From Structure To Quantitative KPIs

Once every message in a conversation has a label, the entire interaction becomes a sequence of functional states. This makes it possible to define quantitative KPIs that reflect how well the agent followed the intended flow.

More importantly, each structural area corresponds to a specific kind of behaviour we want the agent to exhibit, often tied to internal tooling or constraints.

For instance, the “question answering” area requires validating that the agent grounded its answers in actual knowledge (e.g. via calling specific search tools), or ensuring the “contact confirmation” area only appears after a “contact” proposal and alongside a specific tool call for scheduling. This provides a clear method to identify critical hallucination points and broken workflows where the agent is “saying” one thing but not executing the required action.

With all that in mind, we can now move beyond subjective feeling and define a set of quantitative KPIs to monitor. For the lead-gen bot, we wanted to ensure against premature closing, avoid conversations that feel overly “salesy”, and verify that the collected data is correct (a critical factor for agents integrated with voice solutions).

Here’s a non-exhaustive list of KPIs that worked for us:

AI Assistant KPIs

A step towards smarter evaluation

Such a “structural audit” can flag gaps early on. It helps diagnose broken flows, is easily customisable and surfaces some systemic issues (hallucinations, say-do discrepancies of the chatbot) or specific conversation phases that need attention.
We integrated it into our evaluation suite, pairing it with powerful user simulations and thoughtfully designed test conversations for input generation.
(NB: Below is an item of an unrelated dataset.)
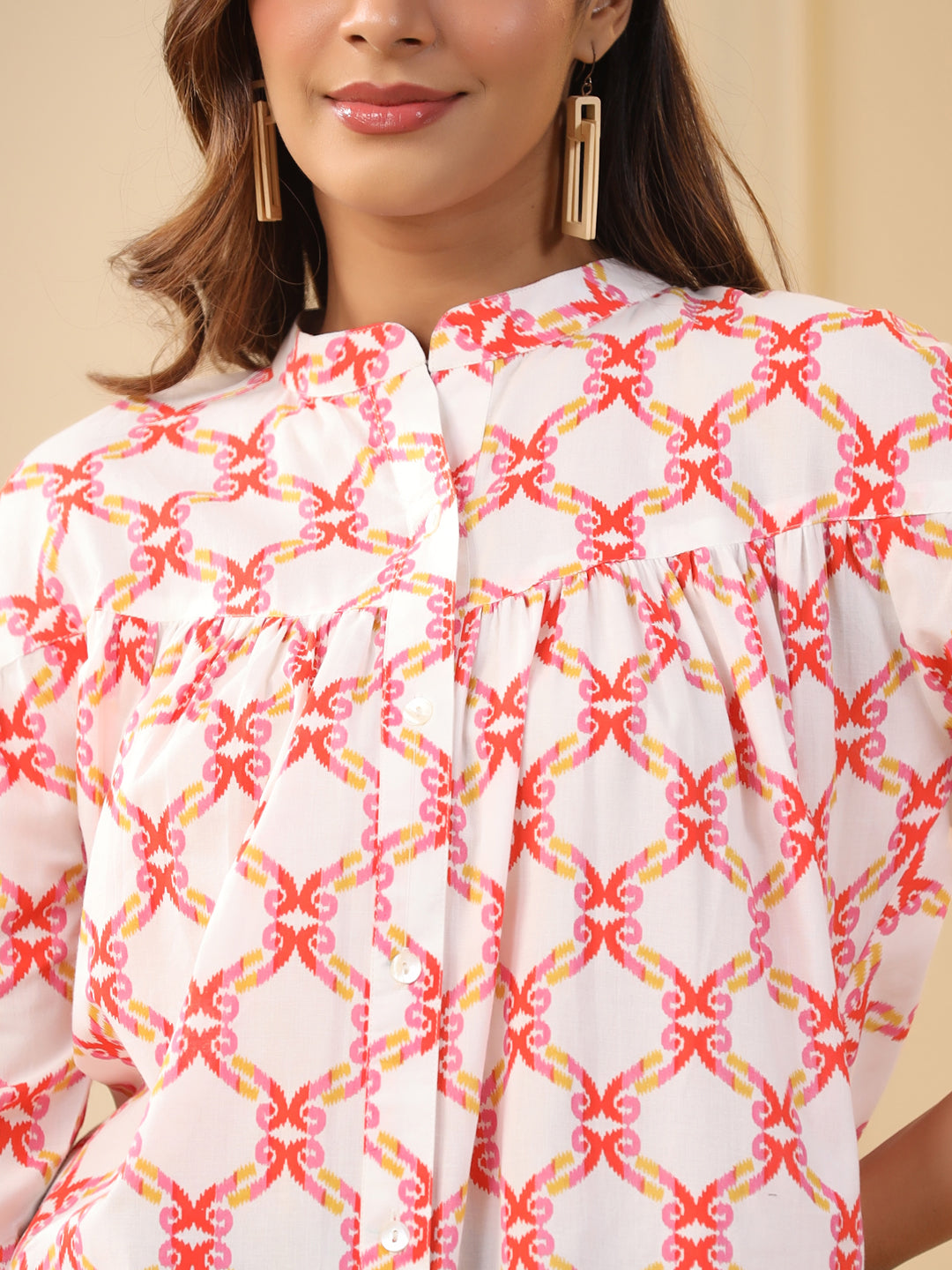 Jaipur Kurti Ladies Western Kurti 1Pcs 1B23Topsr003 Orange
It has proven valuable, especially in the early-stage development.

This method works best for goal-oriented, task-driven conversations with identifiable milestones. It's less suited to open-ended dialogues or conversations with highly variable structures. The quality of insights depends directly on the classification accuracy -garbage in, garbage out applies here.

That said, even in challenging scenarios with non-cooperative or adversarial users, tracking what we can control, the behaviour of the agent itself, remains valuable. And in practice, these difficult conversations often reveal more about the product’s weaknesses than the happy-path examples ever do.

What’s next? We are exploring extensions and complementary signals: user sentiment monitoring, keyword-level behavioural proxies (e.g. agent’s apologies), and more.
If you’re building goal-oriented conversational AI, we encourage you to experiment with structural evaluation. Start with 4-6 area labels, collect classification data (or simulate), and see which KPIs correlate with the outcomes you care about.